The company was recently commended for the project in the Repair and Restoration section of the Stone Federation’s Natural Stone Awards 2010.

CWO secured the contract to restore the Eastern Arm of the Cathedral Cloisters and the adjoining St Faith’s House in July 2009. The restoration project was funded by the Chichester Cathedral Restoration & Development Trust which relies on donations and fundraising to help preserve the beauty of this famous landmark. It was directed by architects and historic buildings consultants Molyneux Kerr, and Richard Meynell, Cathedral Architect.

The 15th Century Cloisters required essential repairs to the roof and windows.

The stonework on the windows showed extensive signs of weathering; CWO therefore removed the affected areas, replaced the stone and smoothed over and blended it for a homogenous effect.

The leaded lights were restored, with the glass removed, cleaned, conserved and the windows re-leaded.

Removing the entire roof, CWO salvaged as many of the original tiles as possible before retiling with the originals as well as other tiles salvaged from local buildings of the same period to maintain consistency.

With some of the timber also in a state of disrepair new oak pegs needed replacing where old ones had rotted away. In addition, the buttresses required careful restoration work and rebuilding.

To make the East Cloister a more useable space, CWO was also tasked with adding lighting, heating and power. All of these services have been carefully hidden away to maintain the original feel of antiquity.

Meanwhile, St Faith’s House, formerly a medieval chapel that stands adjacent to the cloisters at Chichester Cathedral, also required urgent restoration work to its windows and roof.

This involved careful conservation work on the original stone work of the windows and lead work, in addition to structural work on the roof and retiling.

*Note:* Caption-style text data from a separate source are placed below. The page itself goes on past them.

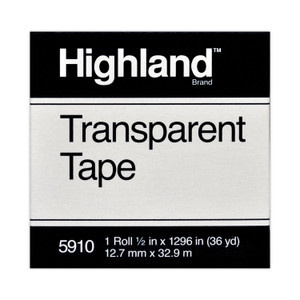 Highland Transparent Tape, 1" Core, 0.5" x 36 yds, Clear
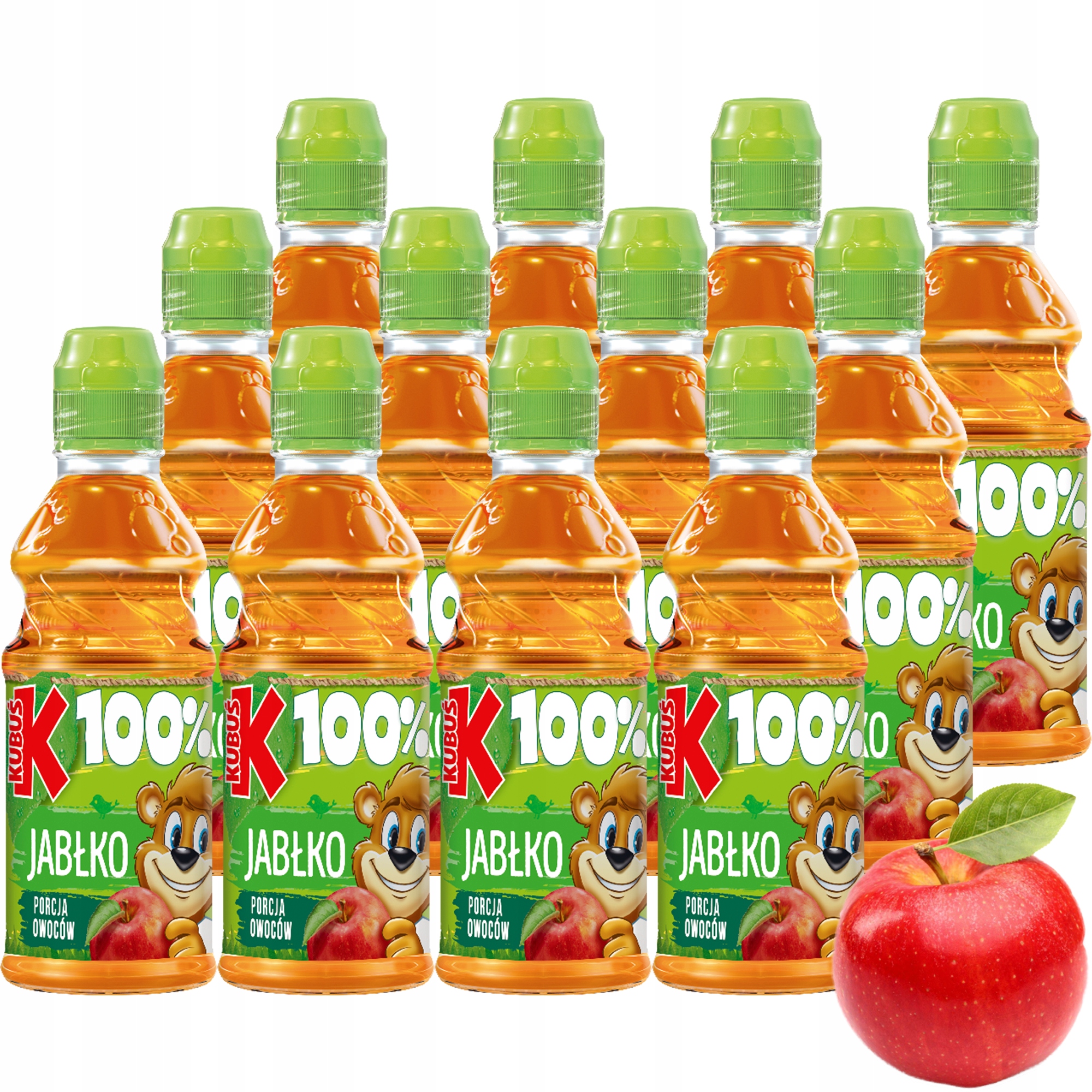 Kubuś 100% Sok jabłko 300 ml x 12 sztuk ZGRZEWKA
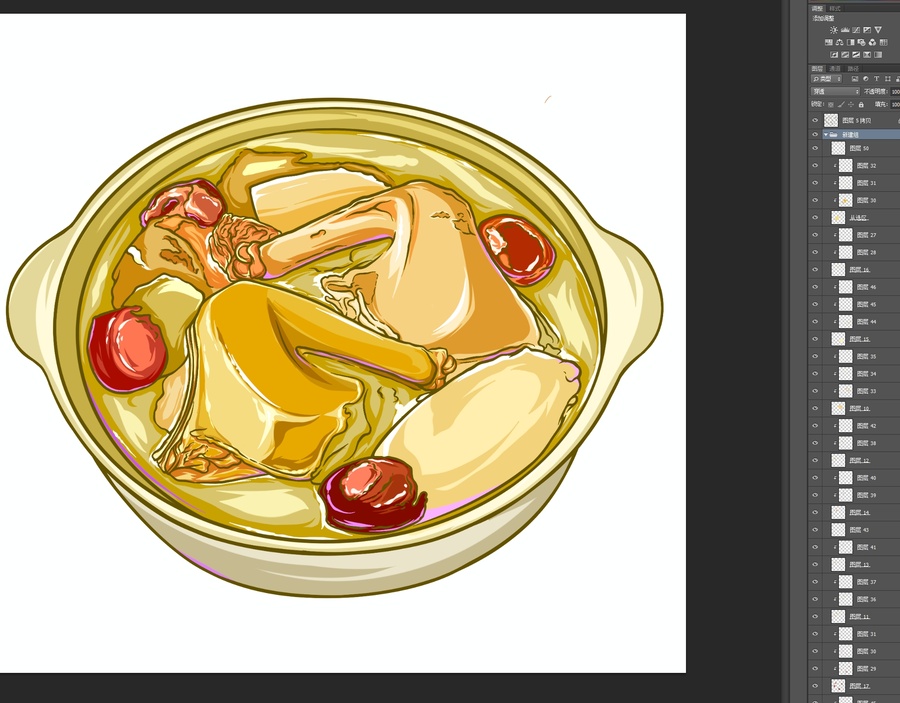 雞腿砂鍋插畫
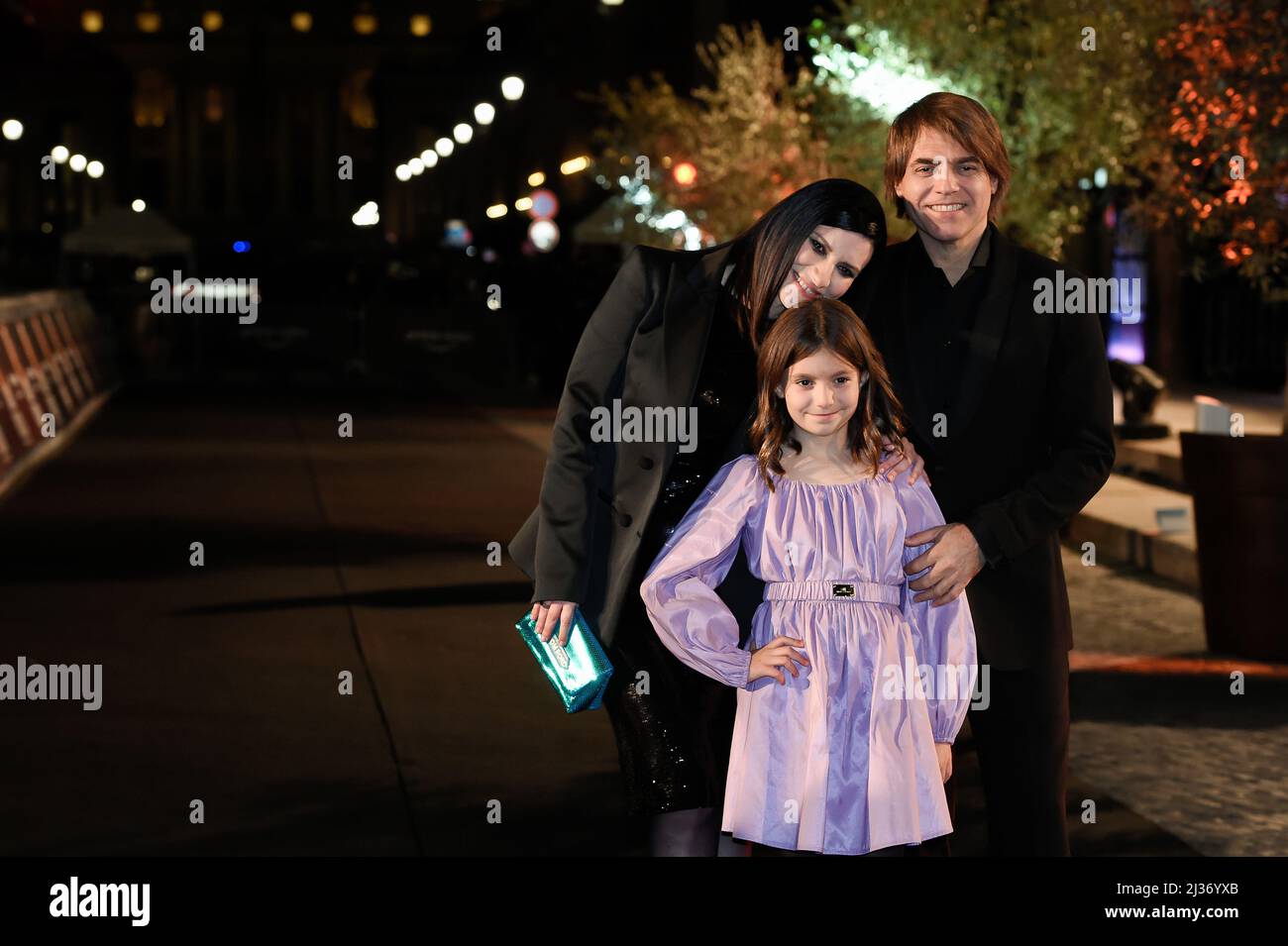 Italian singer Laura Pausini, in Tom Ford dress, Italian musician Paolo  Carta and daughter Paola on the red carpet at the premiere Pleased to meet  you at the Conciliazione Auditorium. Rome (Italy),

Again, CWO took care to achieve a subtle end result by using as many of the original tiles as possible, some of which pre-dated the 1477 tile size regulation law. St Faith’s House was also partly re-wired, the insulation improved, and new gutters and down pipes added.

Bernard Burns, managing director of CWO said: “The Cathedral is a huge part of our local life and of our company history. CWO was originally set up back in 1965 by the Dean and Chapter of Chichester Cathedral to carry out conservation works on the Cathedral, so it has been particularly pleasing for us to be back 15 years later.”

CWO is today an independently-owned company with a turnover of £10 million, nine shareholders and more than 115 staff. Most of its team are from the Chichester area and it runs a three-year apprenticeship scheme with three to six apprentices at CWO at any given time.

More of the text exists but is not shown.